Transitive Closure

I’d planned to write this piece as normal on Friday. But nothing is normal about life just now, although mine seems to have descended into a new kind of normal, both on a physical and a mental level.

Let’s deal with the physical first as that’s a lot easier to explain away.

I stopped going out on the roads three weeks ago because I knew there was going to come a point when I could no longer justify, in Joe Public’s eyes, heading out to the coast for three hours every day. As it now turns out, three hours is way in excess of what the government has decided is sufficient to maintain a good fighting weight, so there’s no way I’d have got away with all the finger pointing and whispering that goes on in a small town. So I went in the shed and that’s where I now bag my miles, on a turbo trainer. For the record, I decided to re-create the Ride2Cure across Australia by riding from Brisbane to Adelaide following a Bluetooth enabled map on what looks like SatNav on my phone. When the connection stays up it’s fine, but I’ve discovered to my cost that it drops out if I so much as answer a phone call or click on a video link in Twitter while I’m cycling.

I’m halfway, although it won’t actually feel like it until I get to Coolamon tomorrow. For Coolamon, read Wagga, because that’s where Paul and I took a rest day on the original Ride2Cure. The clock is currently showing 773 miles (1,244km) so there is justification for raising a glass to a job half done this evening: the original Ride2Cure was 2222km if you remember right.

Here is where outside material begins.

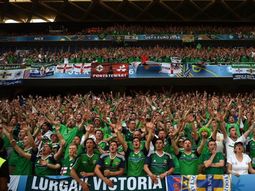 eurocopa 2016: un hincha borracho murio al caerse al vacio eurocopa 2016: un hincha borracho murio al caerse al vacio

But more important than being half way is the rate at which I’ve managed to do it. I did think, for a millisecond or two before I virtually left Brisbane, that I should try to re-enact every stage in its entirety. Notice I said a millisecond or two, because it was clear from the moment I got on the bike that this gig was going to take its toll in a different kind of way from what I’ve been used to. When you’re just focussed on a screen (and whatever happens to be blowing about the garden) it’s far too easy to push a (big) gear that you think is okay, but it’s only after about 75 minutes, or when you wake up in the night with a dull ache at the top of your hamstring, that you realise that this is different.

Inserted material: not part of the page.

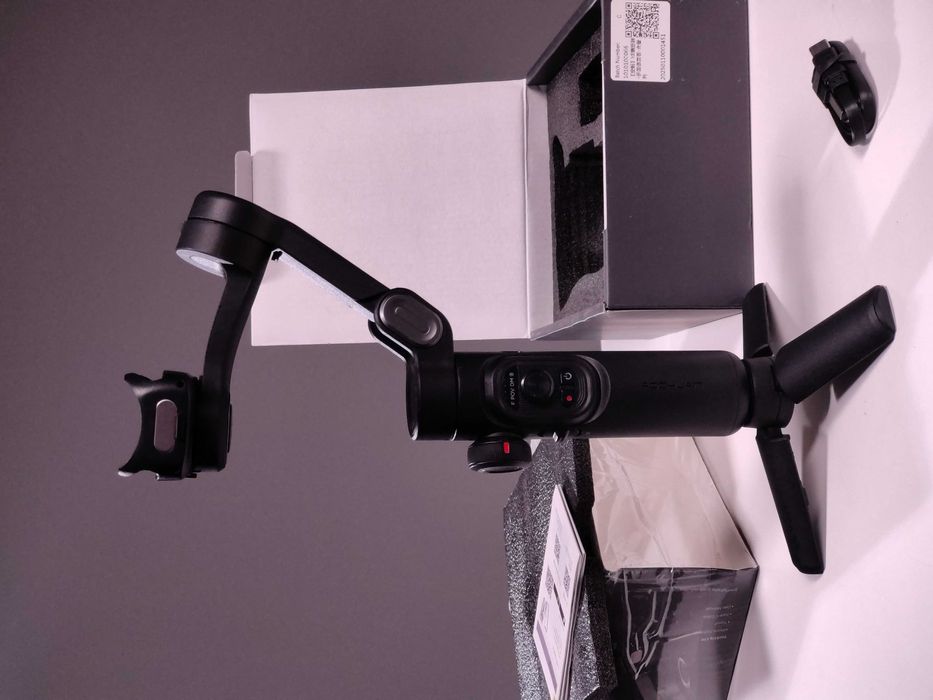 Триосьовий стабілізатор AOCHUAN SMART XE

Having said that, I could have taken a 300 mile week this week if I’d wanted it. 293 miles was the most in a single week since I got back on the bike last July, although the three week total of 808 is still some way short of the heady days of last August. With lockdown set to continue well into May I suspect, then the second coming of Ride2Cure is looking odds on to rack up 300 stages on the spin – at an average that’s closing in on 34 miles a day – and at the back of my mind is a full calendar year without losing a day. I once managed that as a runner back in the Cumbernauld days, but I got ill so many times during that year (8 colds I counted) that it was suggested that I might have some kind of immune deficiency. I was tested for the coxsackie B virus at the time but it came back negative. Looking back at that period, I think a better medical term would have been burning the candle at both ends and in the middle.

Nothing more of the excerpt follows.